As you have noted above, the individual songs abruptly reported the staggering amount of 324 streams apiece. Given that their historical streaming frequency only amounted to 0-4 on any given day, we can confidently infer that these streams were derived from our experiment. So yes, Spotify does account for offline streams. And, once more, you’re welcome Mariah.

3. Does Stream Farming Work?

Regarding our final venture, we attempted to experiment with the streaming farm tactic. Acquiring a dubious hacking code that automatically played only 32 seconds of each song on a continuous loop, we made our final choices.
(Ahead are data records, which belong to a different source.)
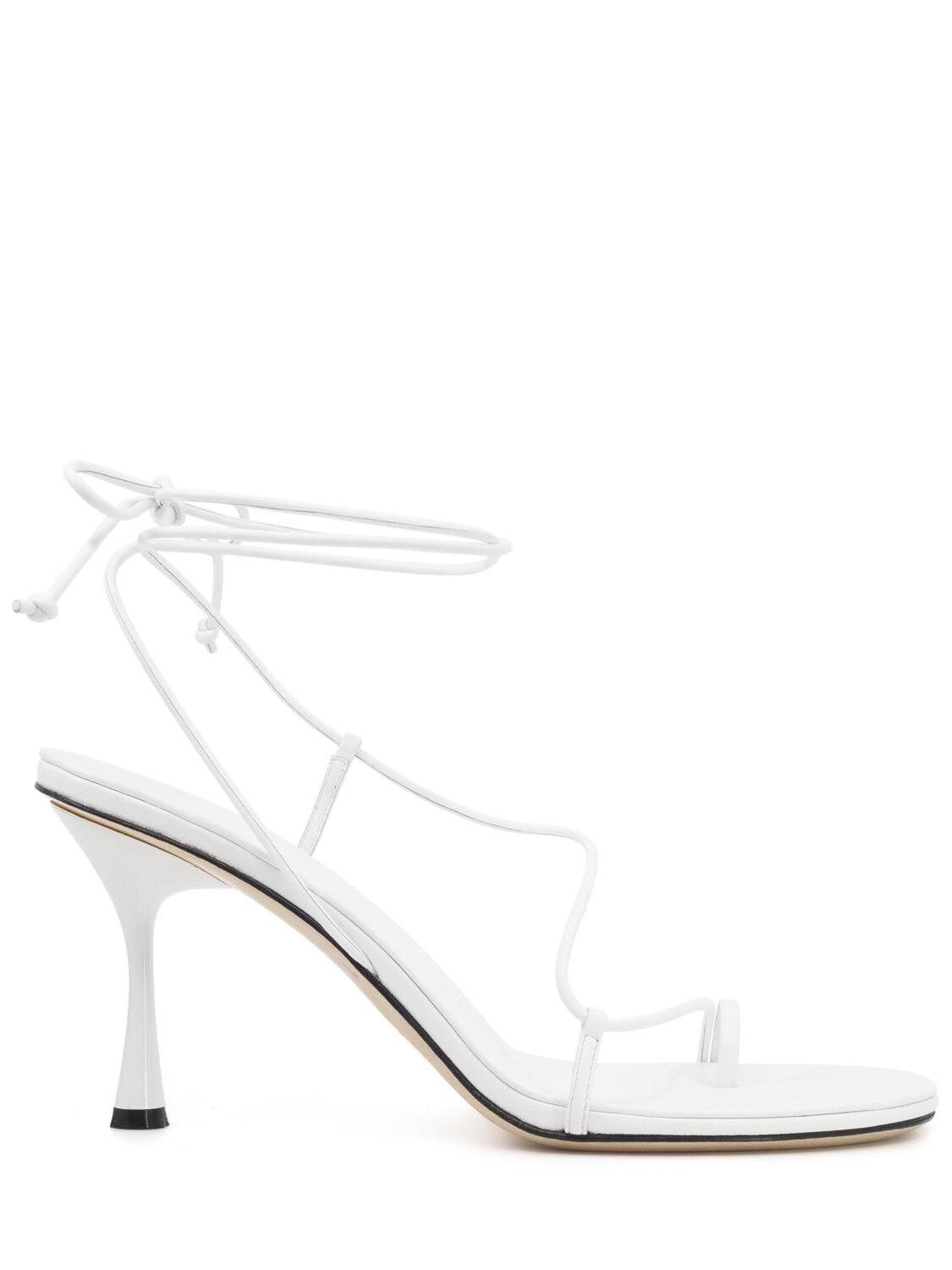 Studio Amelia 90mm Emily Leather Sandals In White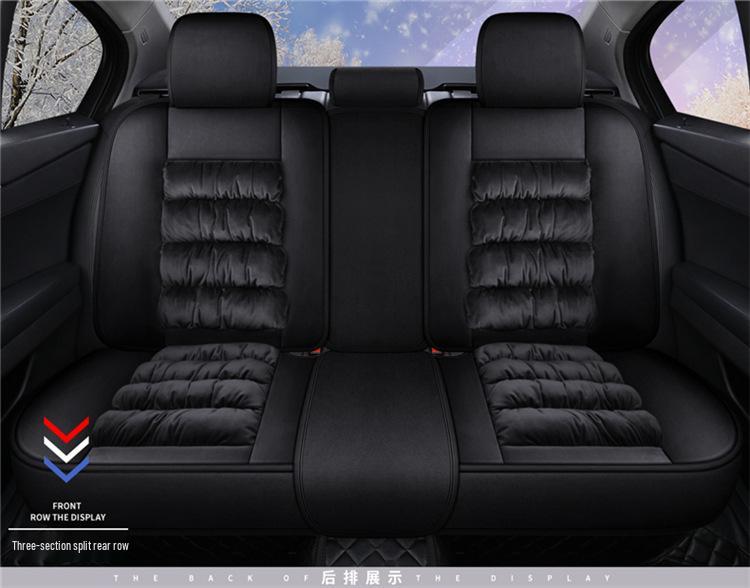 Universal Plush Winter Car Seat Cover - Full Surround Comfort Cushion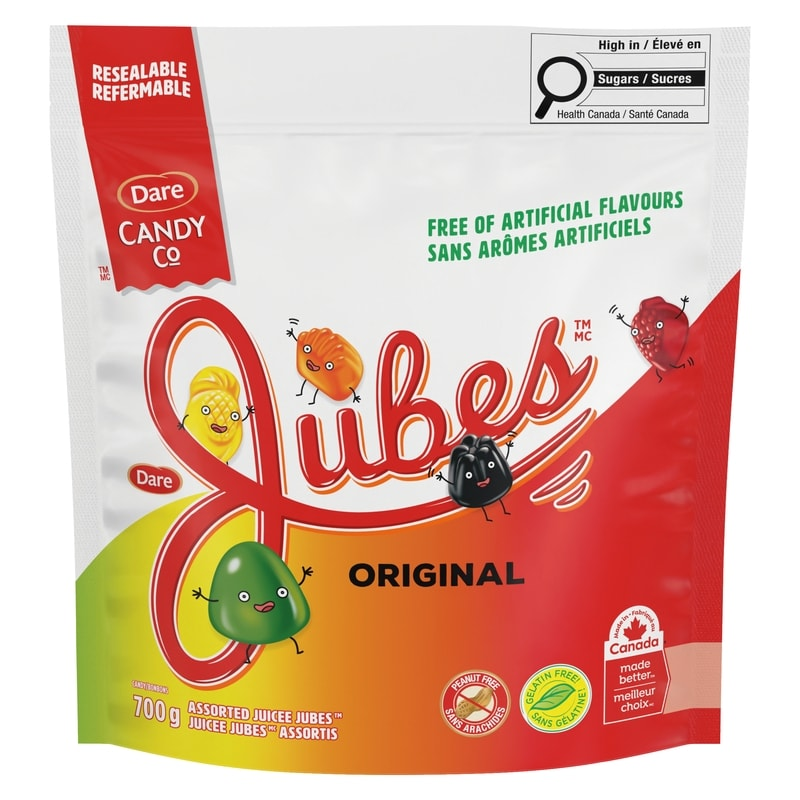 Dare Juicee Jubes β Classic Canadian Jelly Candy Bursting with Juicy Flavour π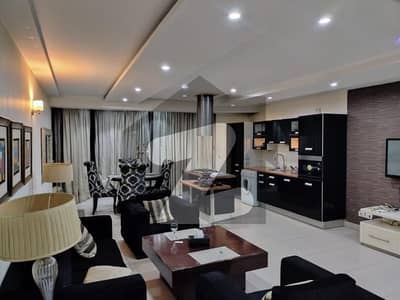 Two Bedrooms Fully Luxury Furnished Apartment Available For Rent Bahria Heights 3 Extension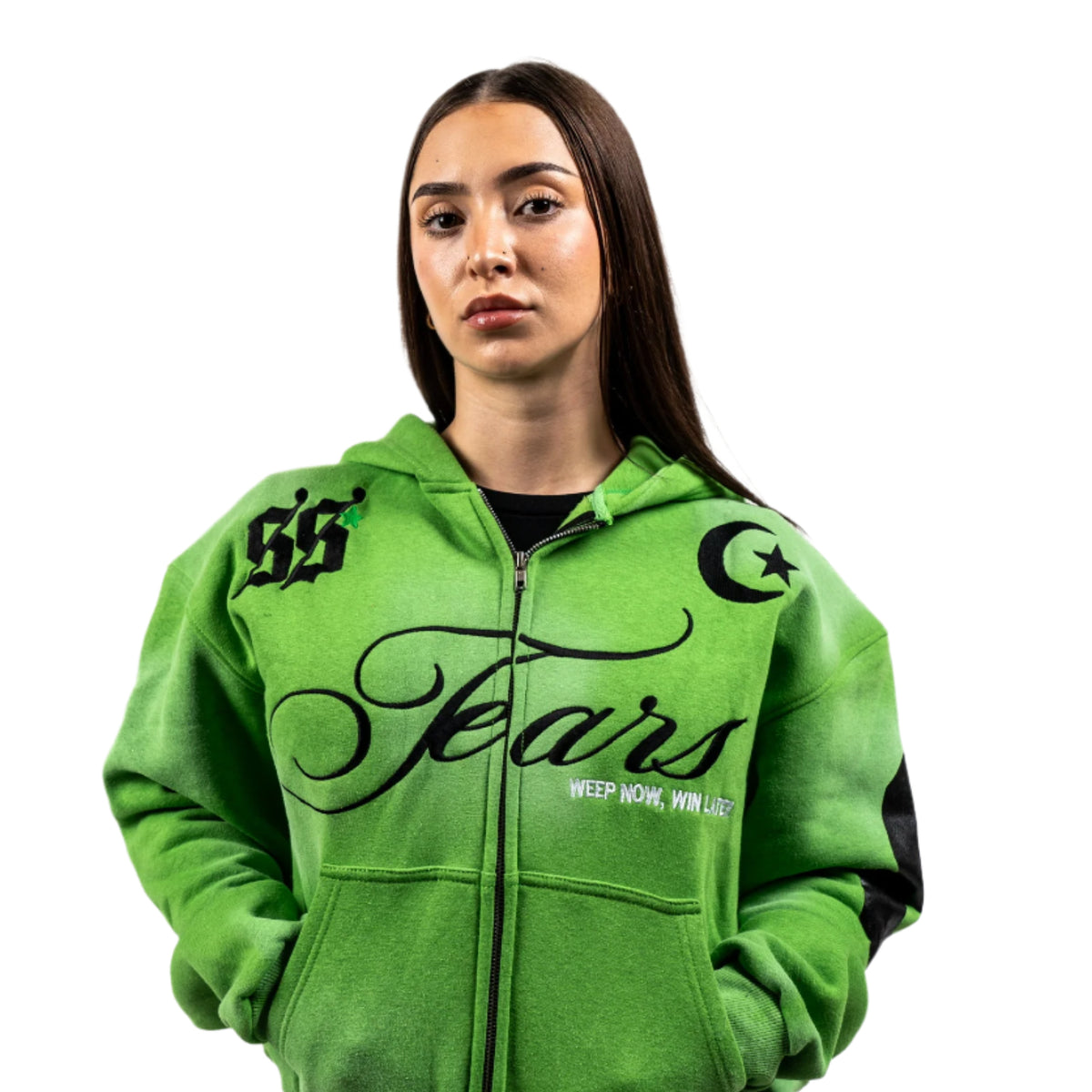 TEARS Zip Hoodie (JADE GREEN)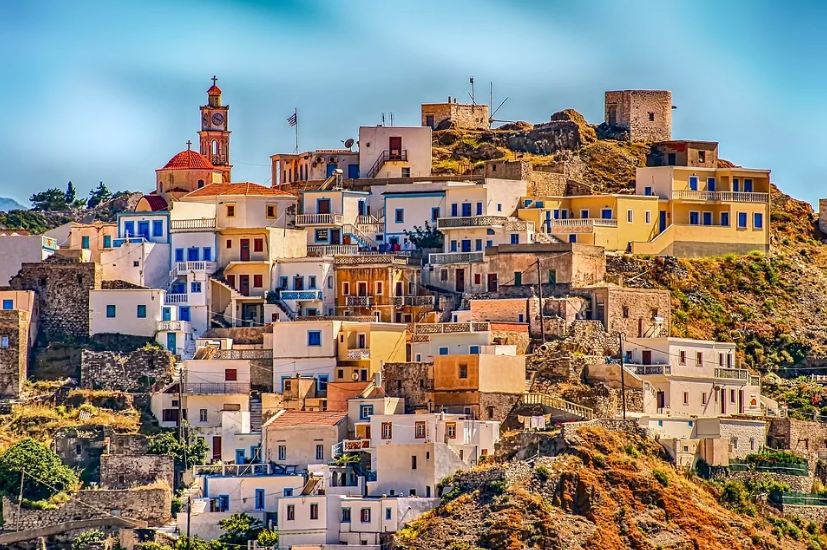 greece-village-karpathos-hill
Selecting two additional songs, we created another playlist and put the code to work.

We decided not to mention the code nor provide our exact results due to a desire to maintain our Spotify accounts for years to come. However, the code does work and skips every song after 32 seconds and the next day, an astonishing 551 additional streams showed up for each song.

Maybe Lil Nas did have an Ol’ Town Farm after all, to ensure that 17th week at number one. Or maybe the USA just couldn’t get enough of that song. We’ll never know. But now Mariah got an extra 1100 streams in a day, on us.

Streaming Farms


What are our thoughts on all this?

We did not, of course, implement these strategies with the intent to incite illegitimate and falsified streams for our beloved Queen. Instead, we pursued this experiment to verify Spotify’s stated assumptions and determine their validity.

After careful examination, the assertions have been confirmed as accurate. Therefore, whether listening to Mariah during a flight without WiFi, or spending a month offline and finally connecting to the internet, these streams will ultimately be accounted for. Naturally, we keep watch over the daily streaming figures, so if a month’s worth of Glitter streams are uploaded at once, we will presume you have recently arisen from a cave. Also fishy if out of the blue, “Didn’t Mean To Turn You On” showed up in a Top 200 for no apparent reason. If that does happen though, great job. But again, we don’t incite.

Mariah at her laptop


In the meantime, we will keep the farming code just in case one day someone tries to block the Diva from the number one spot. Jokes, we would never…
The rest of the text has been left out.